And an additional advantage of PowerShell - you get good support for C #. Almost all the code that runs on C # can be embedded in PowerShell. If you have ready-made C # solutions, you can easily apply them to work with a large number of servers and databases using PowerShell. If you have to do backup, backup setup, validation and similar tasks, there are tools and stored procedures that allow you to do this without spending money, you do not need to buy any third-party solution. It makes sense to buy it if you really need a user-friendly interface and various buns. But all this can be done absolutely free .

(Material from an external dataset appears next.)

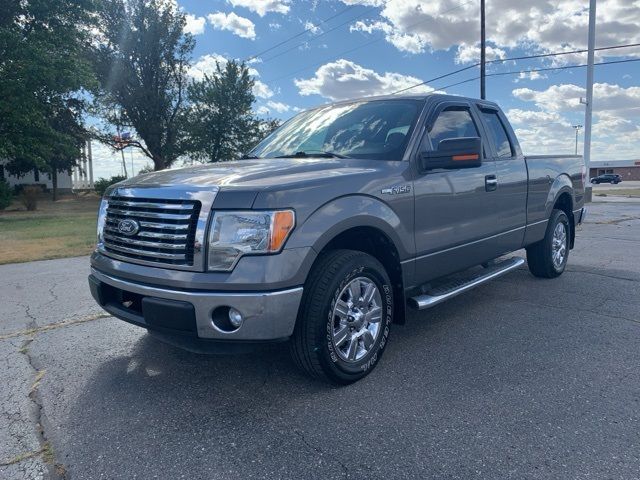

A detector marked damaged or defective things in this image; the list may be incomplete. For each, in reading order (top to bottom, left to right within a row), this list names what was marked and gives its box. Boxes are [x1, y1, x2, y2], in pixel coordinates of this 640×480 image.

pavement crack [0, 312, 111, 342]
pavement crack [296, 430, 350, 478] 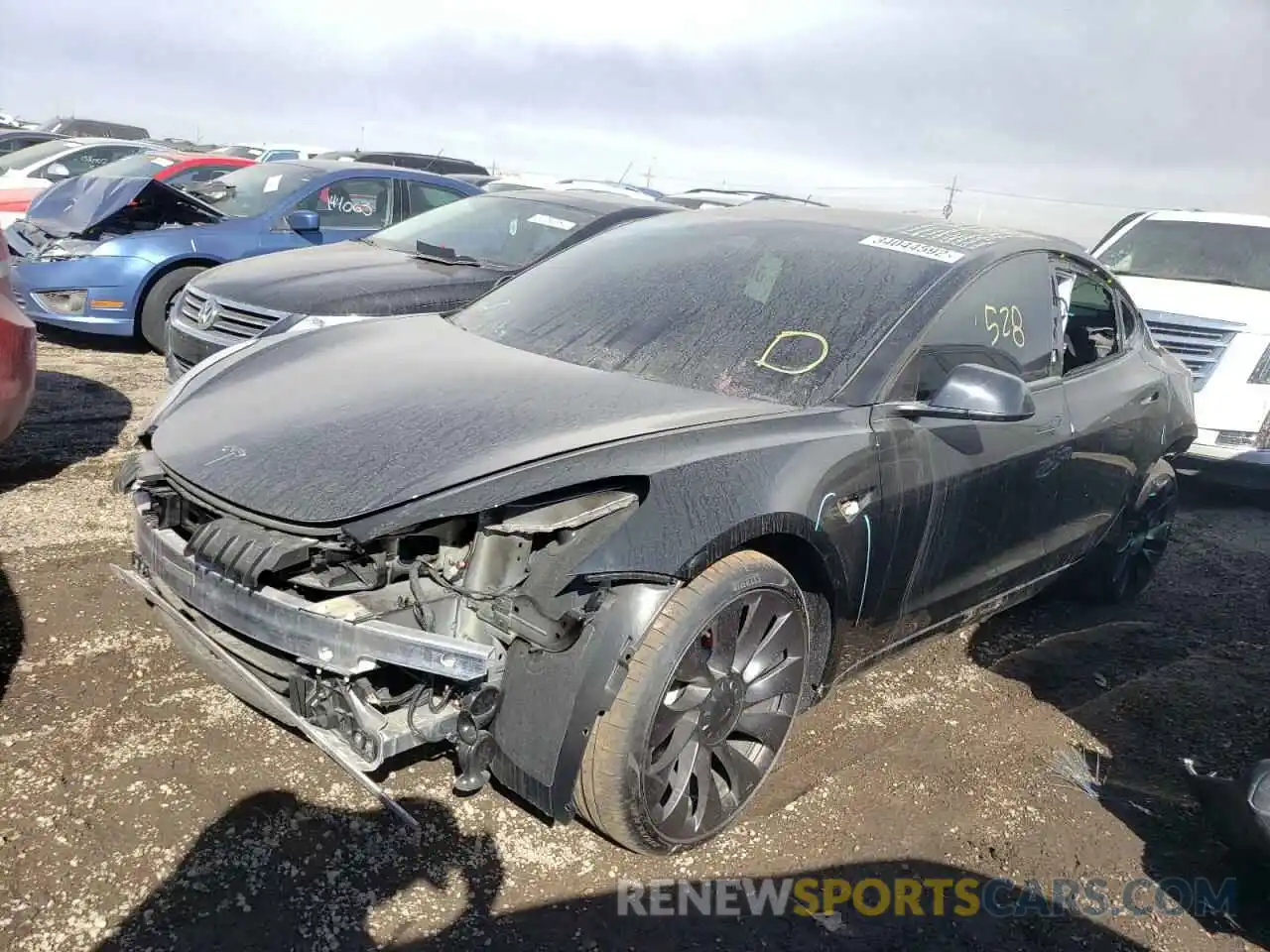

PG Day: I want to go to your upcoming performance at our conference, which will be held in the summer in St. Petersburg. You are going to give a very big master class. What made you take part in our event? What profile specialists do you expect to see on your presentation?

KT : First of all, I have a vested interest in participating in the conference. One of the tasks for the current year that we set for ourselves is the ability to transfer our solution to PostgreSQL, in case our new customers do not want to buy a license for SQL Server. You need to assess how difficult it will be to switch to PostgreSQL, how to take the first steps in this direction. We already have a prototype, about 20% of the current solution works with PostgreSQL in test mode. It is interesting for me to participate in such a large conference, to listen to the speeches of other people, to learn first-hand what tools they use, what resources exist for training, what amounts of data are being processed.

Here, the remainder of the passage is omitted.